[Opening Input data section]

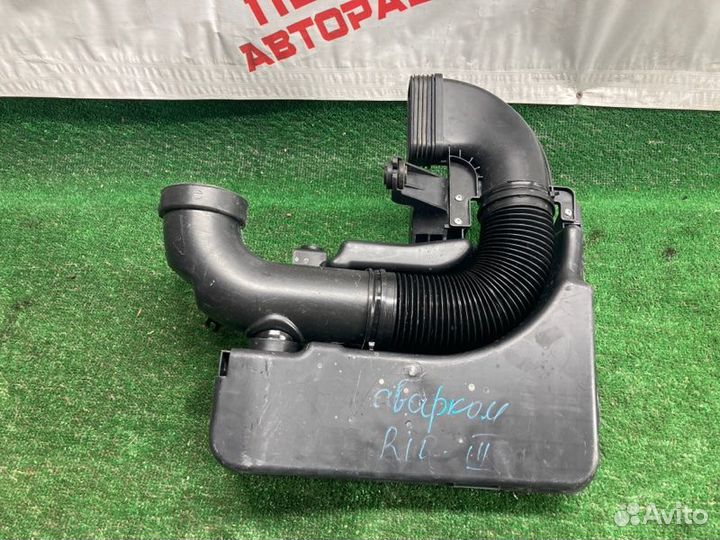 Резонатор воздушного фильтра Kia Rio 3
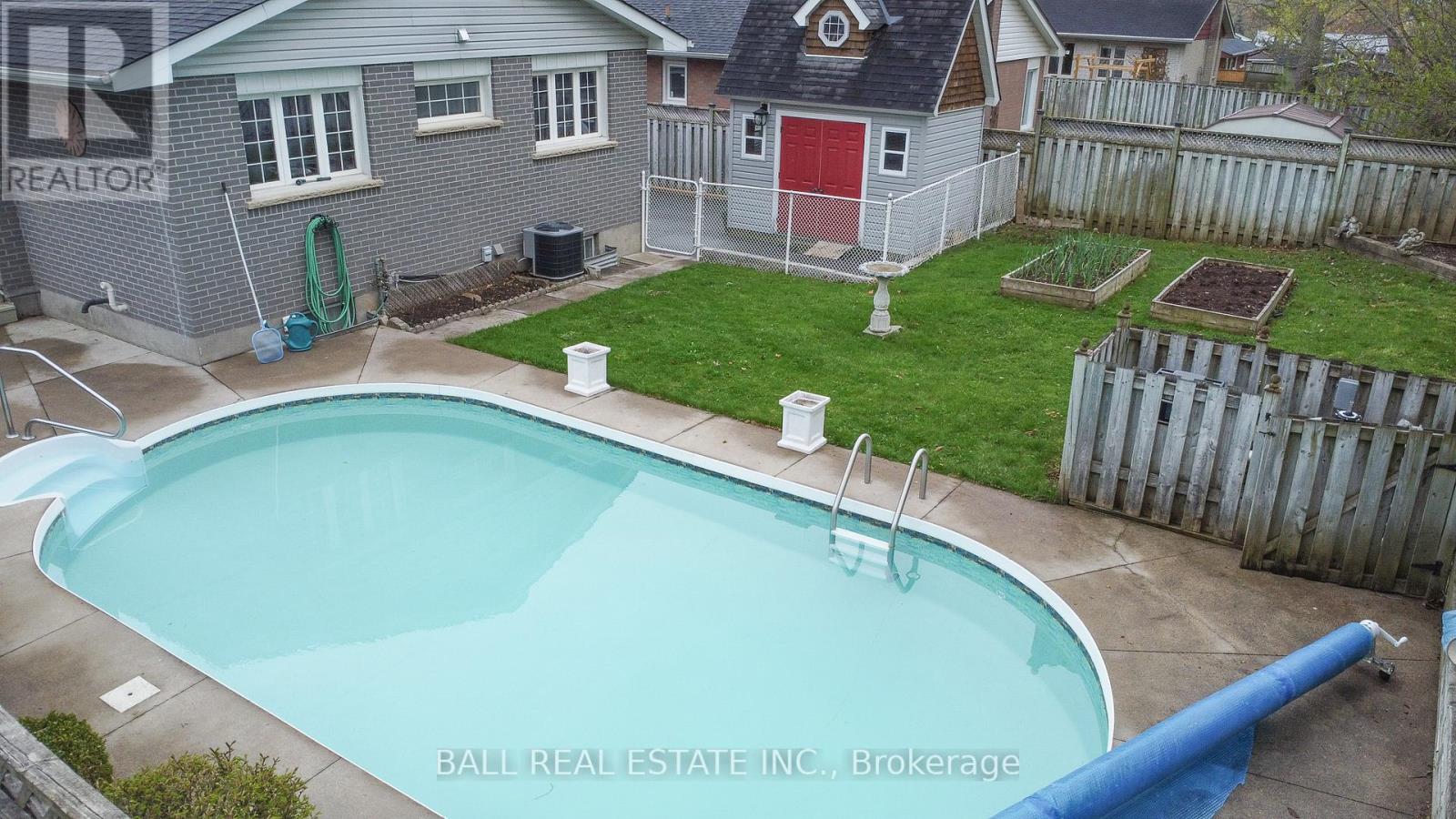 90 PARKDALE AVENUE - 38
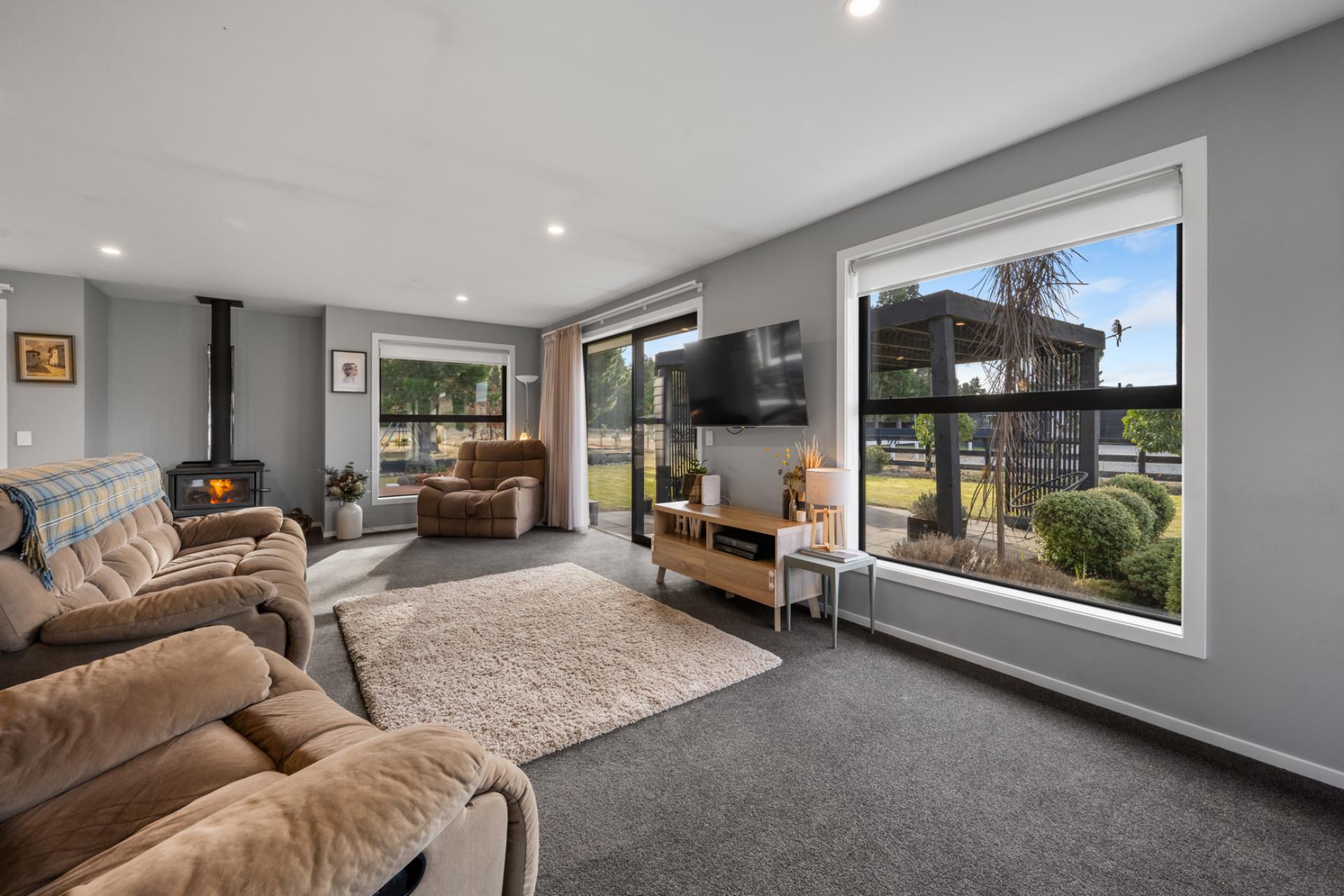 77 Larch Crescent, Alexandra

[Closing Input data section]

* Assignment: What is needed is the whole listing again, set down exactly, without its pictures.

* Output for this task:
 Резонатор воздушного фильтра Kia Rio 3
 90 PARKDALE AVENUE - 38
 77 Larch Crescent, Alexandra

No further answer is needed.